The Joyent statemap tool includes a private API and definitions of the statemap line protocol. When the statemap tool was written I believe it was mostly intended for use with DTrace, though the door was open for other forms of instrumentation. Since we were writing a lot of Rust code (which is hard to instrument with DTrace, though I did create a PoC tool to add DTrace probes to Rust programs), we needed a way to generate statemap instrumentation output in a relatively idiomatic way.

Anyway, long story short I did a bunch of work to define a public statemap API with Rust bindings to make it easy for Rust programmers to generate statemap instrumentation output and called it rust-statemap.

manta-chum statemaps

The first time we used rust-statemap was for our 'minio statemap' tool, which I already described in 2020. The second use was in [manta-chum](https://github.com/joyent/manta-chum. manta-chum is a load-generating tool the supports a bunch of common file protocols: s3, webdav, and posix. It seeks to bridge the gap between micro-benchmarks like fio and mega-benchmarks like COSbench.

manta-chum runs with a bunch of 'normal' synchronous threads (no green-threading stuff, except where it couldn't be avoided), and we wanted to see what each thread was doing during a benchmark. We wired up rust-statemap and gained a few cool things:

  • We knew the operations performed by each thread
  • The duration of each operation is recorded
  • We can consul, and slice/dice the above two data points at any time and in any way

Take this example run of manta-chum on my laptop, below. In this test we ran manta-chum with its default settings: 1 thread, mix of read/write operations, writing to the local filesystem with fsync enabled after each write. Feel free to use the + and - magnifiers and click on the graph to interact with the statemap. I suggest zooming in to discover what happens between the blue 'fsync' operations. Each line on the y axis (there is only one) represents a thread, and the x axis represents time beginning when the manta-chum process spawns and ending when the manta-chum process finished writing the statemap data file.

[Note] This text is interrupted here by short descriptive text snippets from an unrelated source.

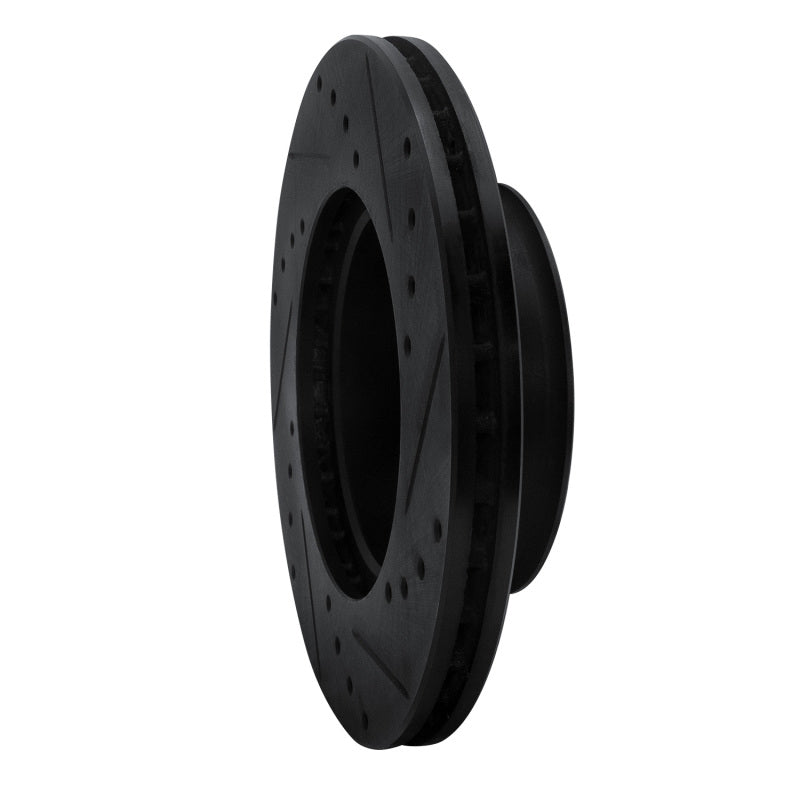 R1 Concepts R1 92-95 Volkswagen EuroVan Front Left Drilled & Slotted Black Brake Rotor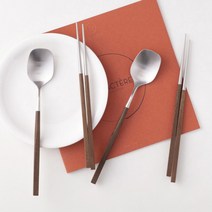 [바보사랑] 메이플우드 사각 수저세트[꾸미까], (상품)숟가락+젓가락 1세트, 상품:숟가락+젓가락1세트, 상세 설명 참조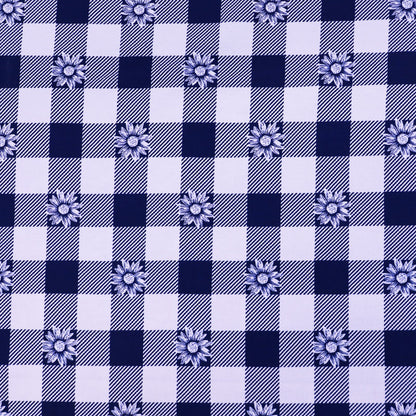 95% cotton 5% elastane Gingham Jersey Fabric - Navy Daisy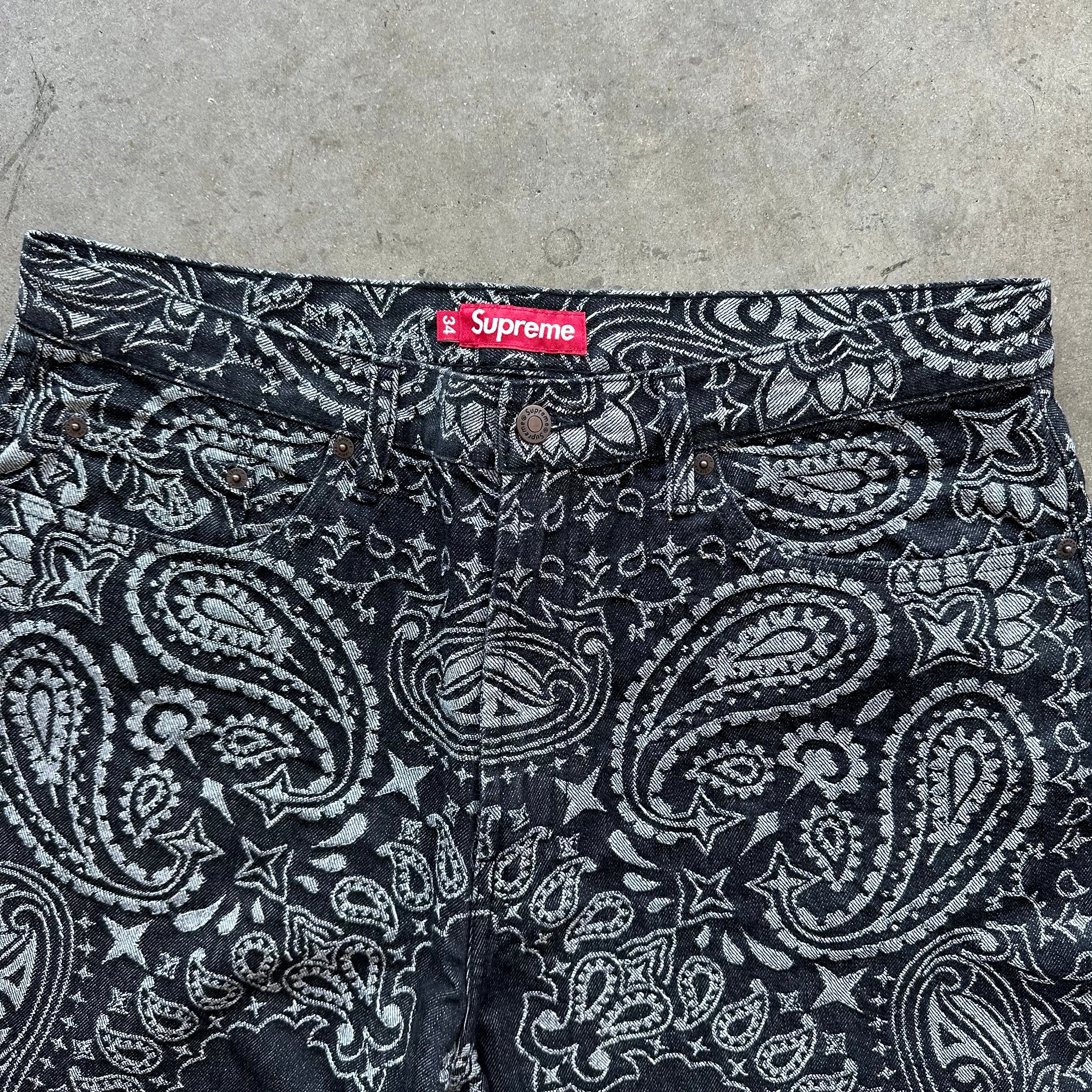 34w New Supreme Jacquard Paisley Pants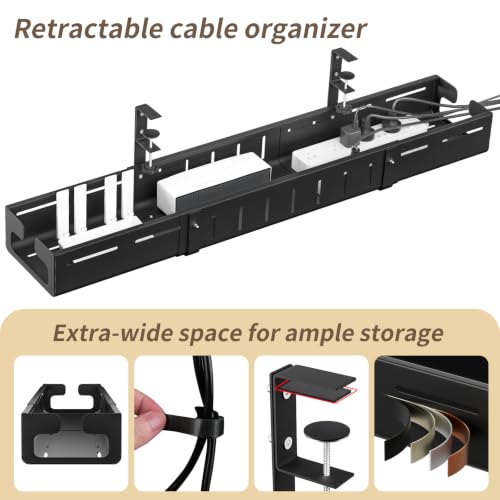 Under Desk Cable Management Tray, Expandable 25.2"– 38.6" No Drill with Clamp Mount Cord Management, Black Carbon Steel Cord Organizer for Desk, Home, Office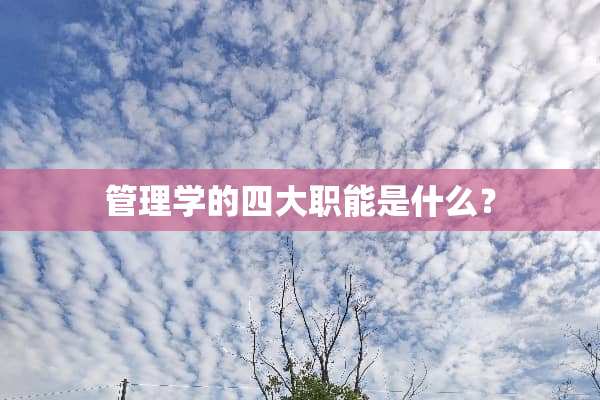 管理学的四大职能是什么？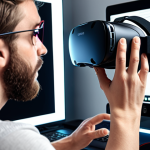 ** A person checking VR headset and computer specs for compatibility.

**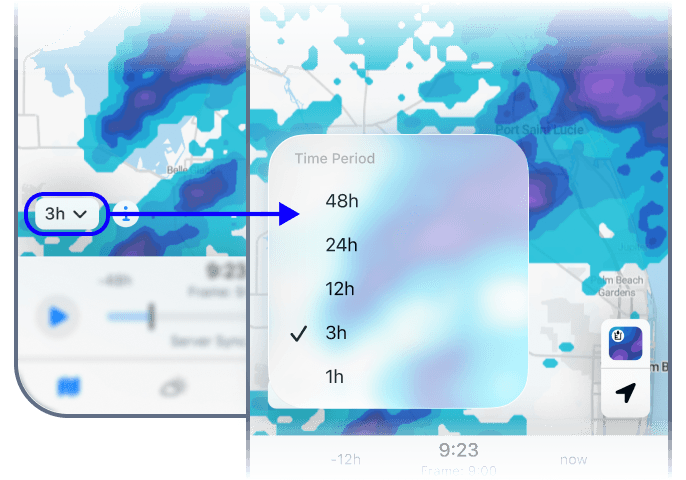 Selector de período de tiempo para Precipitación Total en RainViewer en iOS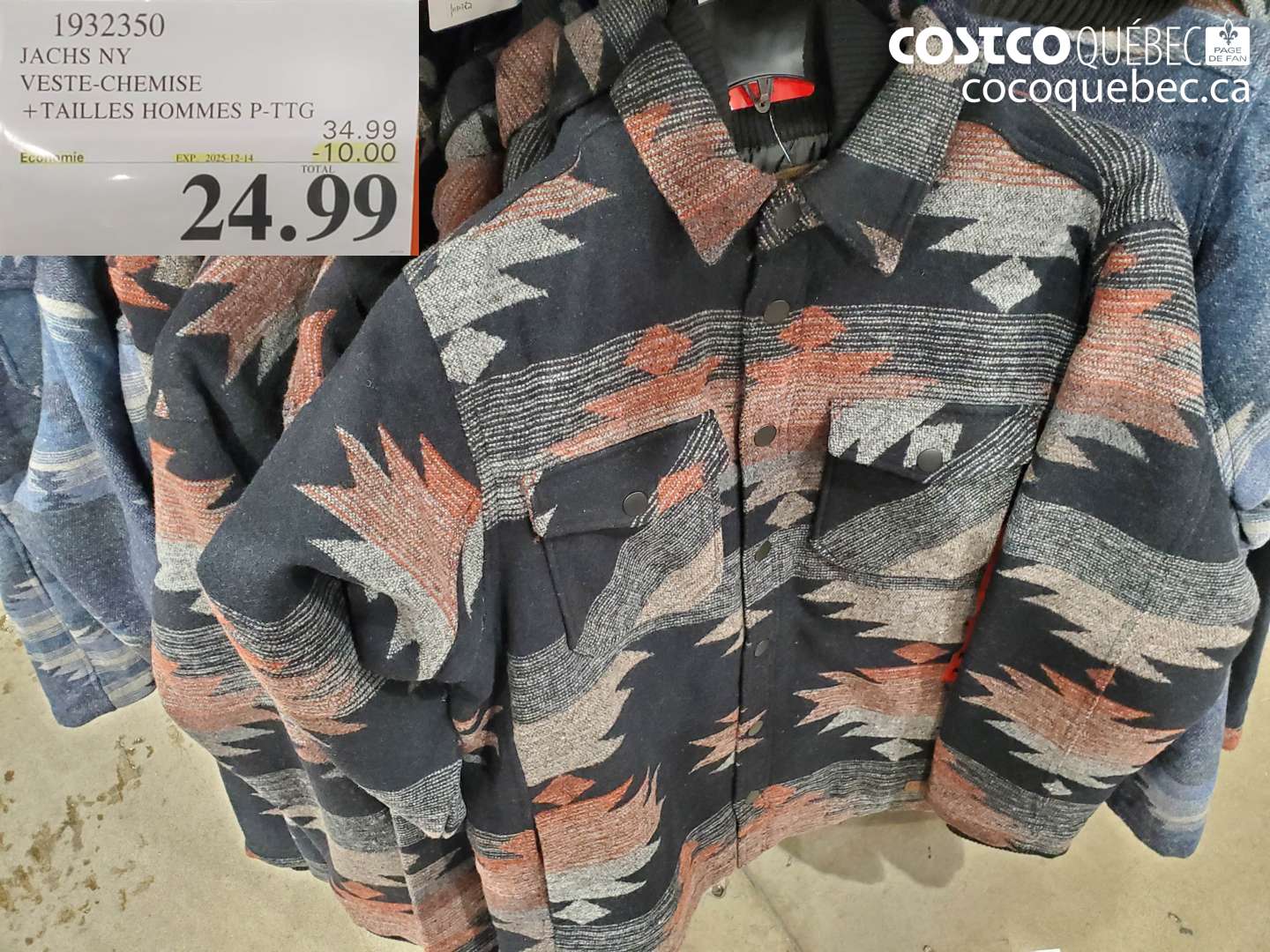 1932350 JACHS NY VESTE-CHEMISE +TAILLES HOMMES P-TTG (EXPIRES ON 2025-12-14) $24.99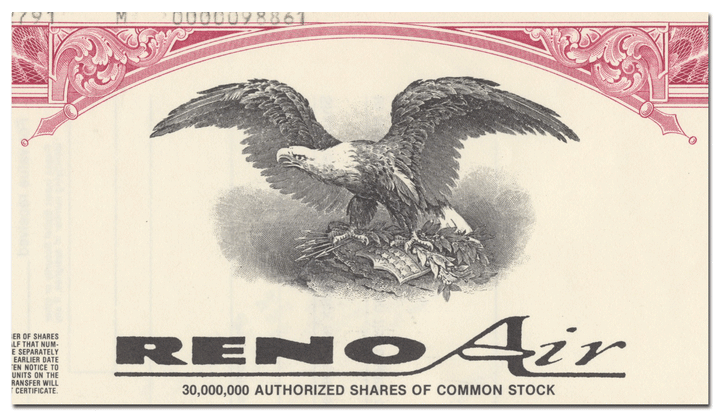 Reno Air Stock Certificate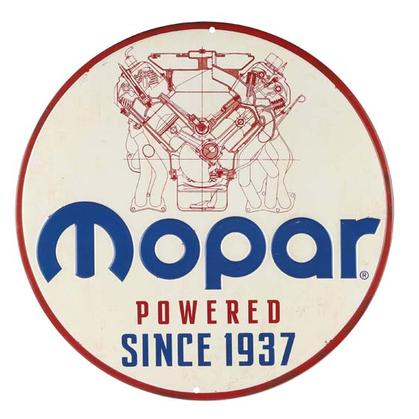 MOPAR POWERED EMBOSSED TIN SIGN 12"x12"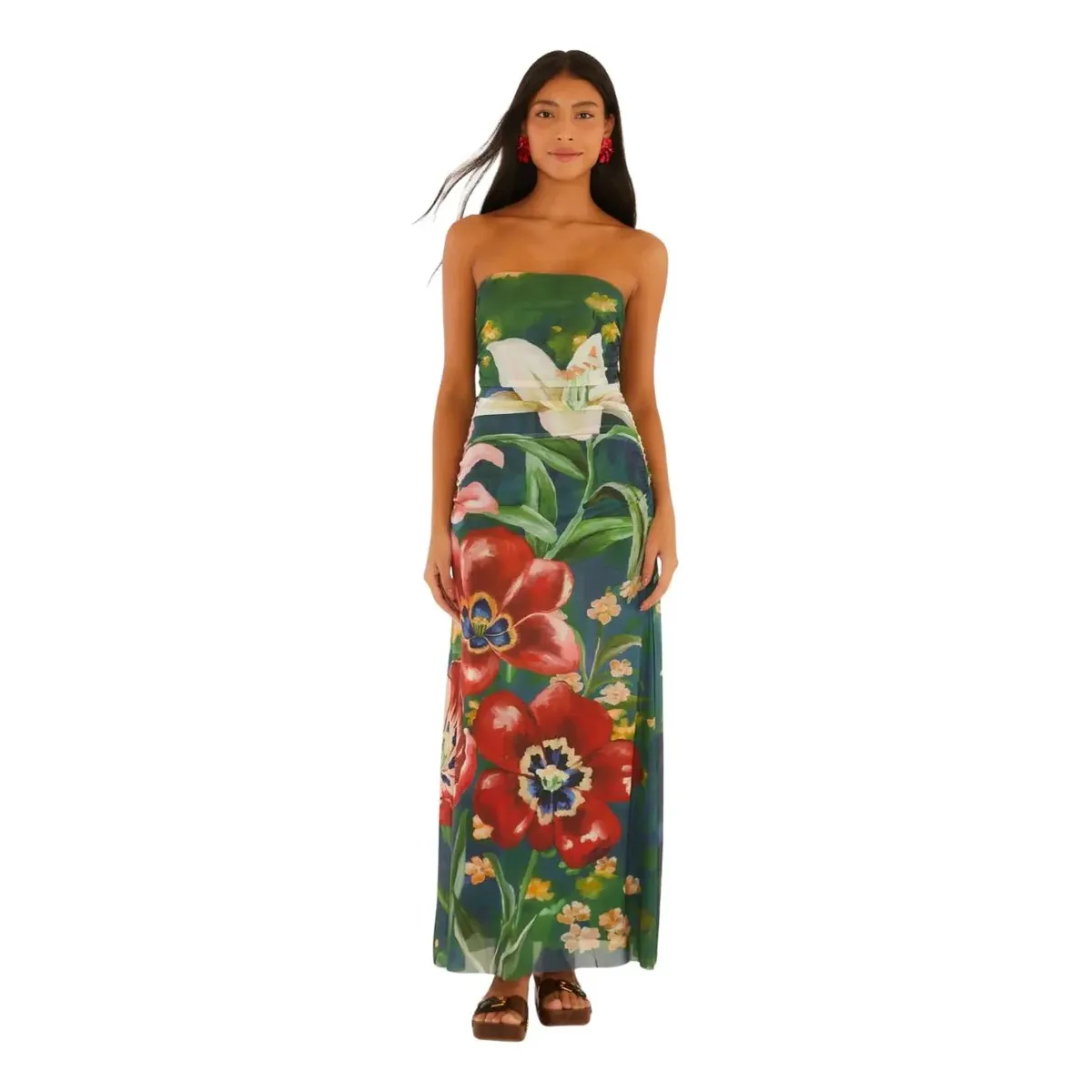 Vestido Farm Rio Longo Tule Floral Belo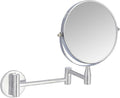 Amazon Basics Wall Mount Round Vanity Mirror with 360° Rotation, Double Sided, 1X/5X Magnification, Adjustable, 12.8"L x 10"W, Chrome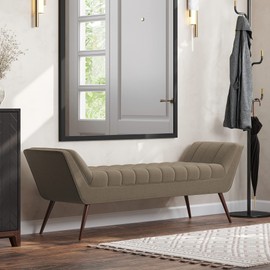 BELLEZE 63 Inch Mid Century Modern Ottoman, Contemporary Upholstered Linen Fabric Bench with Wood Legs, Accent Furniture for Living Room, Bedroom, Entryway - Moreno (Light Brown)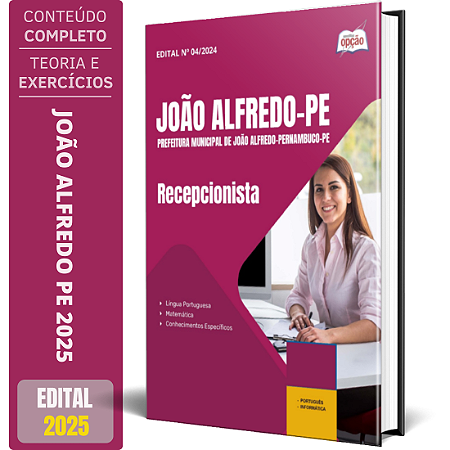 Apostila Prefeitura de João Alfredo PE 2025 - Recepcionista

The 'light' theme is best for viewing these statemaps.

If you zoom in and pan around you can see that this single thread is spending all of its time issuing fsync syscalls, 24ms at a time. Then between fsync operations the thread is issuing read, write, open, and mkdir calls, all of which finish quickly.

This is interesting, but what happens if we have a bunch of threads doing IO at the same time? Here's another statemap rendering from manta-chum, this time with 10 threads running at the same time:

There is a lot more happening in that statemap. Notably, everything is much slower. open, fsync, and mkdir calls can all take over 100ms each. The read syscalls are still nearly instant.

Now, what happens if we remove that pesky fsync call? Let's run the same test, but with fsync disabled.

Bonkers! This time the ten threads wrote 5GB in 2 seconds, but the previous two runs wrote ~200MB in 16 seconds. Of course the 5GB written during this test is just buffered in memory. This statemap rendering shows a lot of interesting things that raise a lot of questions:

  • Why is there an occasional ~6ms pause across all chum threads?
  • Why do read operations suddenly take much longer after 1.2 seconds of benchmark runtime?
  • Approximately every second all of the mkdir and open calls take a long time across all threads. What gives?

A new hope (for the future)

In the end we have been happy to have the rust-statemap library for learning more about how our rust applications work. Along the way we found a bunch of rough edges with the statemap protocol. Rather than repeating them all here, check out the list of 'Statemap protocol moans and niggles' in the rust-statemap repository's README.

Unfortunately manta-chum helped us to realize that we couldn't bring our storage product up to a level of performance that would compete with newer storage systems. manta-chum was the last piece of Rust code I anticipate working on for quite a while. If I end up writing more rust in the future I would love to address these statemap protocol issues so it's even easier to create statemaps.